Available data =
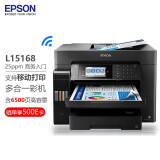 爱普生(epson) l15168 a3 复印机 彩色打印机 复合机 商务办公 有线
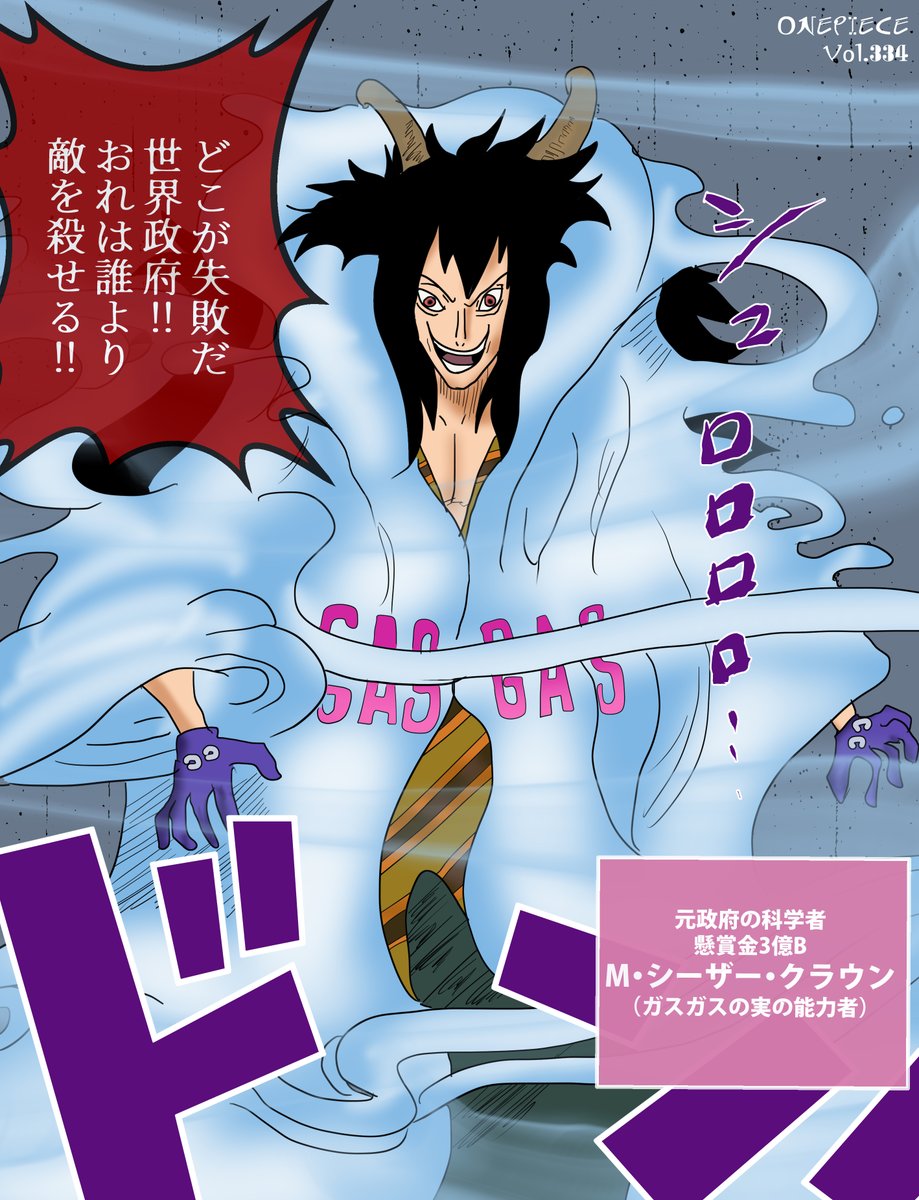 Twitter 上的 Iq Art イラスト 大枠全部描いてワンピ最終回を盛り上げたひ Onepiece No 336 5000 敵か味方か 怪しい笑みでルフィに近づく七武海トラファルガーロー 海賊同盟 一体何を考えているのか T Co Scuanobgxr Twitter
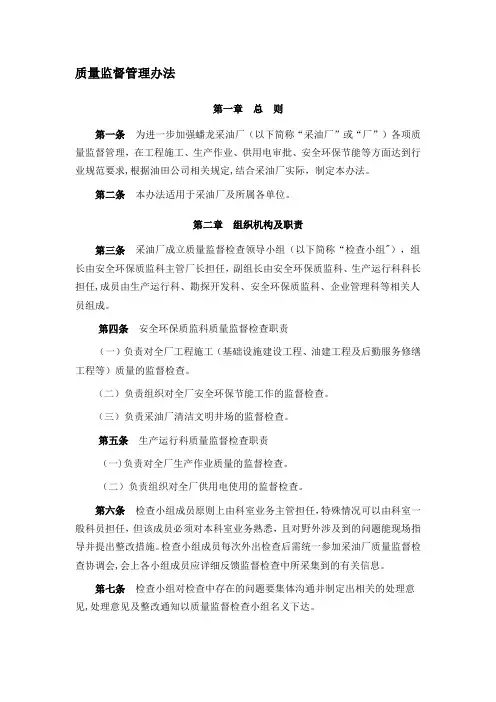 质量监督管理办法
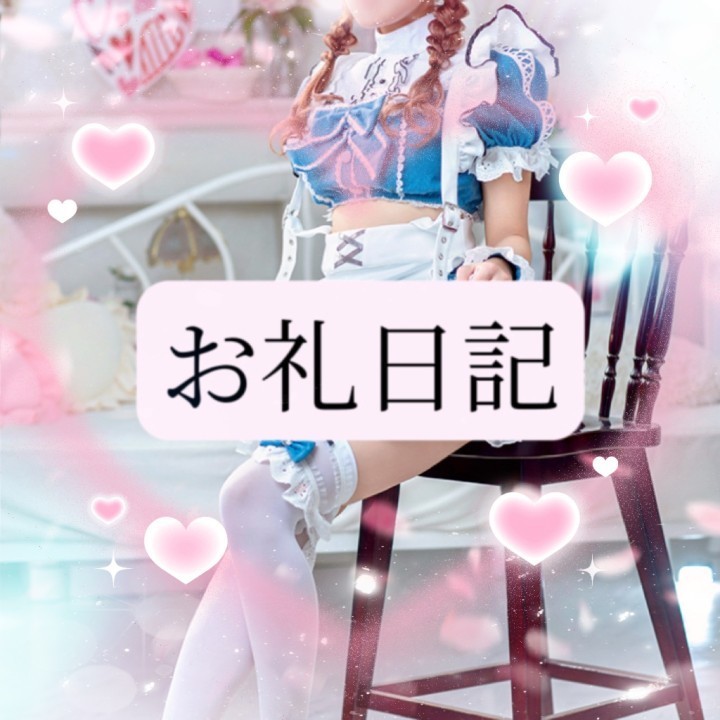 りか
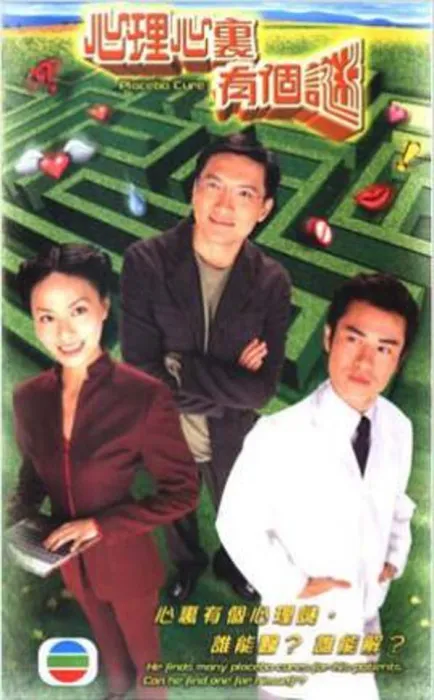 [电视剧][香港][2005][剧情][心理心里有个谜][8.14G][百度网盘]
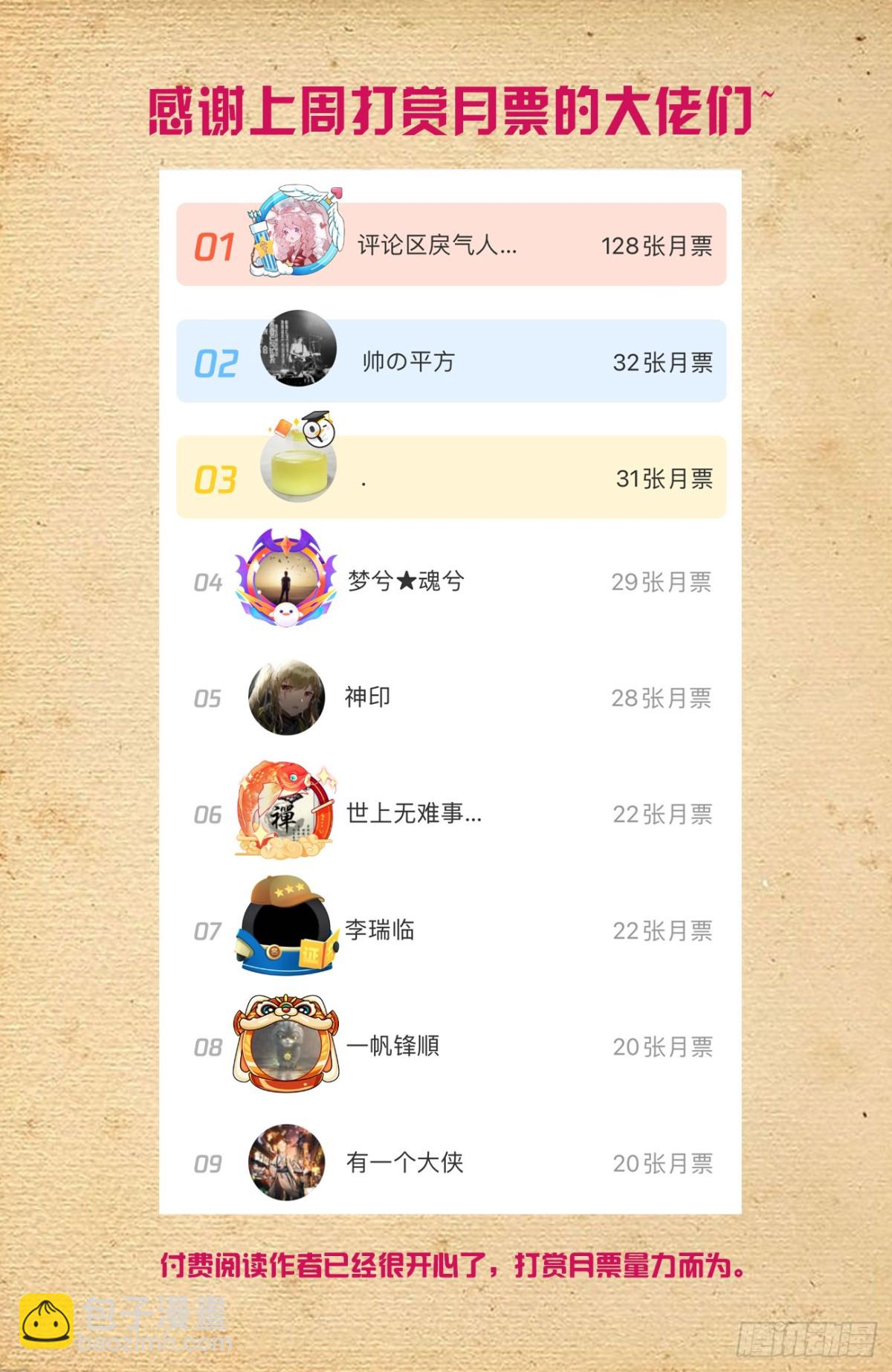 王牌御史 - 715，一念魔神 - 3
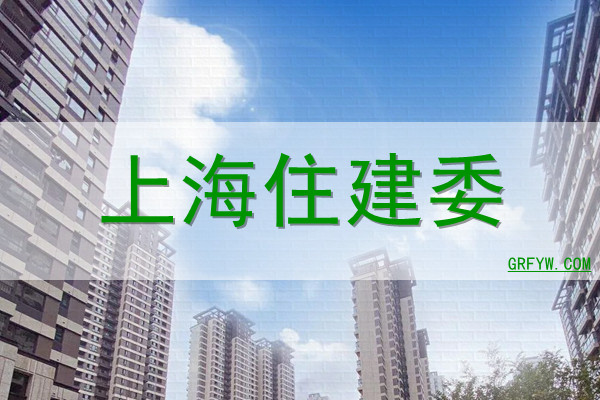 上海住建委中介备案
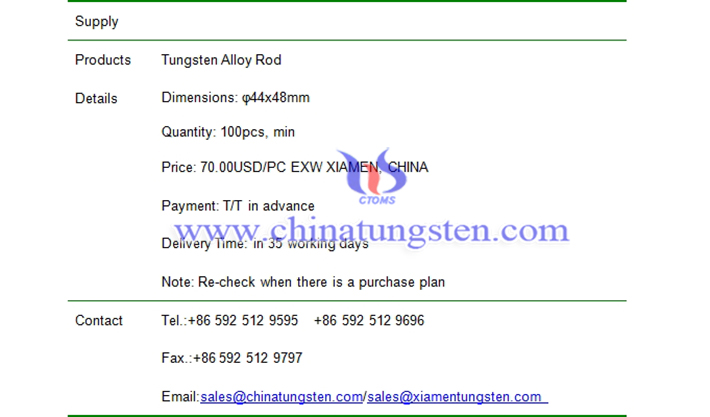 tungsten alloy rod price picture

Exercise details =
Return the full material word for word. Do not include the pictures.

Output for this exercise =
 爱普生(epson) l15168 a3 复印机 彩色打印机 复合机 商务办公 有线
 Twitter 上的 Iq Art イラスト 大枠全部描いてワンピ最終回を盛り上げたひ Onepiece No 336 5000 敵か味方か 怪しい笑みでルフィに近づく七武海トラファルガーロー 海賊同盟 一体何を考えているのか T Co Scuanobgxr Twitter
 质量监督管理办法
 りか
 [电视剧][香港][2005][剧情][心理心里有个谜][8.14G][百度网盘]
 王牌御史 - 715，一念魔神 - 3
 上海住建委中介备案
 tungsten alloy rod price picture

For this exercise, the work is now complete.